The task: Below are entries with pictures in them. Output exactly the lines starting at the line with "2000 Watt infrarød" and ending at the line with "WOMEN'S SHORT PUFF", both included, but not the pictures.

Given data:
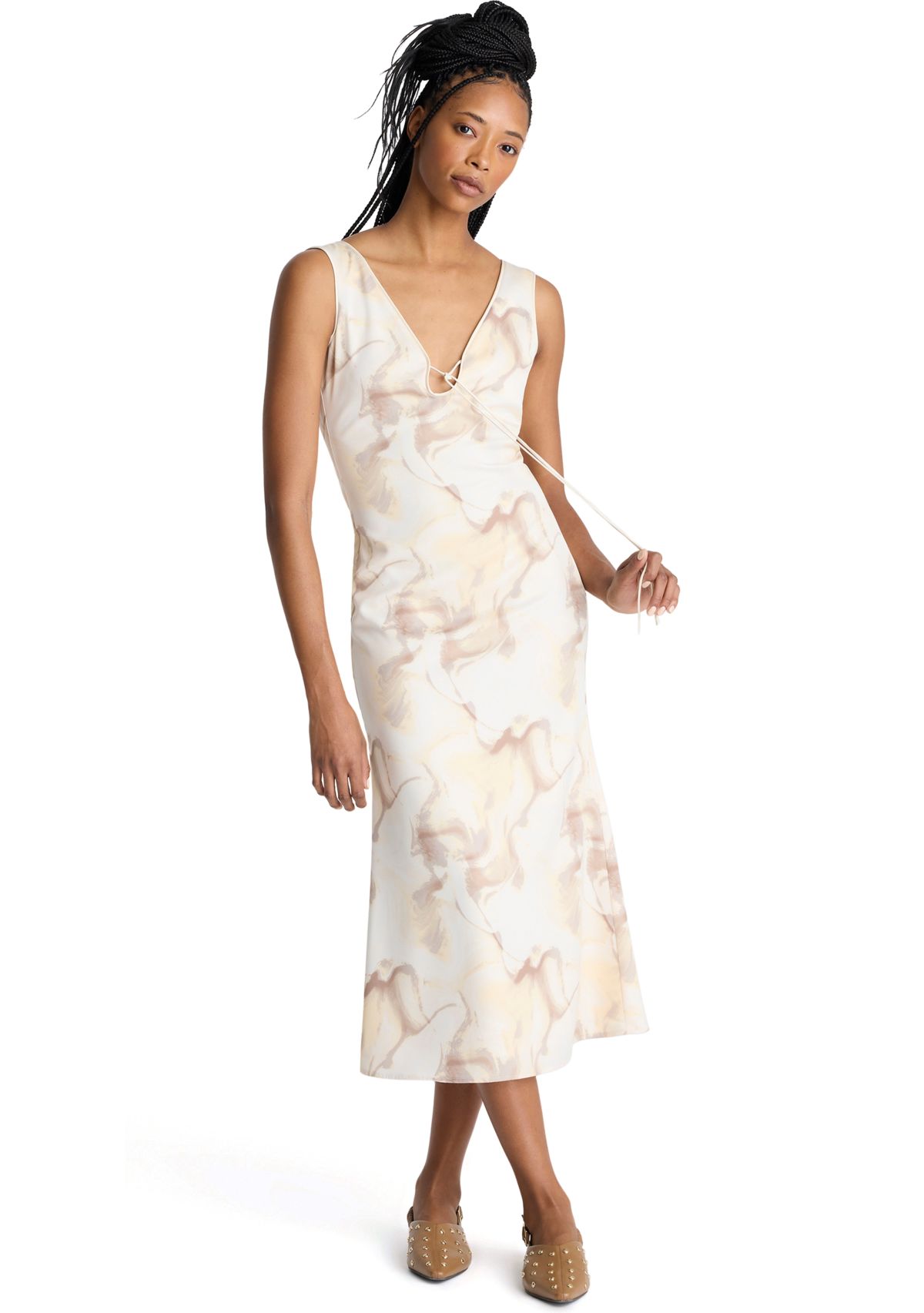 Womens Sleeveless Tie Back Printed Dress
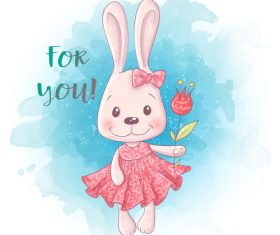Funny cartoon rabbit illustration vector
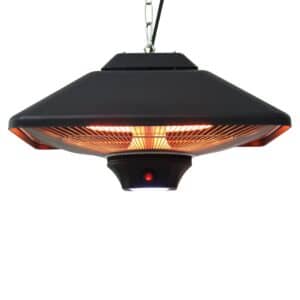 2000 Watt infrarød varmeovn med fjernbetjening, 2 varmeindstillinger, beskyttelsesdæksel, LED-display, elektrisk kvartsvarmer, terrassevarmer, infrarød varmeovn, sort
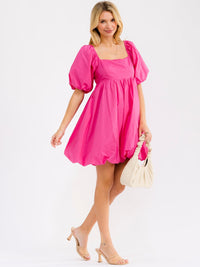 WOMEN'S SHORT PUFF SLEEVE SQUARE NECK SMOCK MINI DRESS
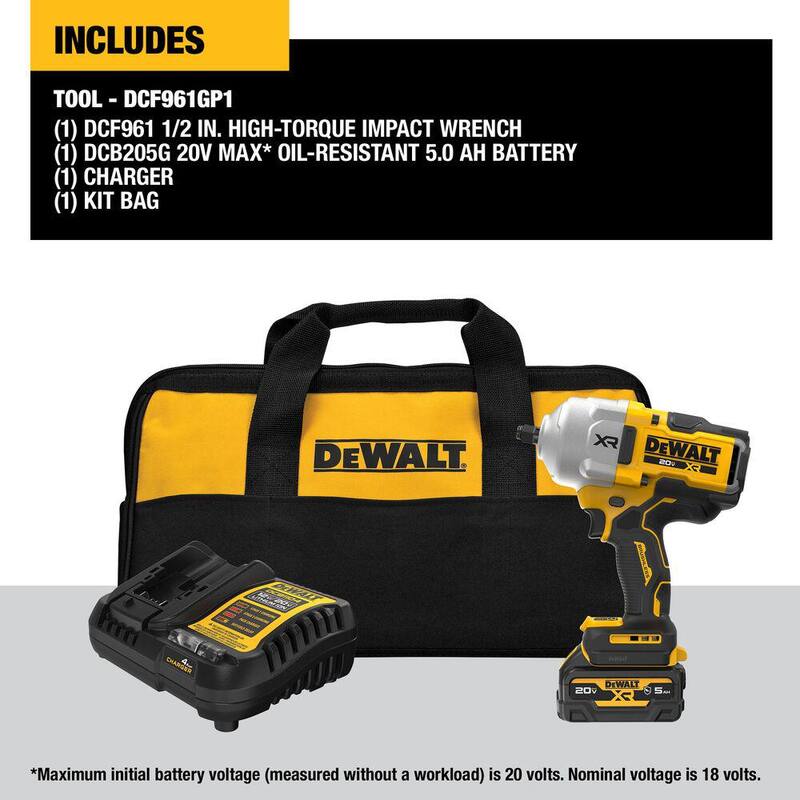 Llave de impacto inalámbrica sin escobillas DEWALT 20V MAX de 1/2 pulgadas con alto torque, kit con batería de 5Ah resistente al aceite y cargador - DCF961GP1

Task result:
 2000 Watt infrarød varmeovn med fjernbetjening, 2 varmeindstillinger, beskyttelsesdæksel, LED-display, elektrisk kvartsvarmer, terrassevarmer, infrarød varmeovn, sort
 WOMEN'S SHORT PUFF SLEEVE SQUARE NECK SMOCK MINI DRESS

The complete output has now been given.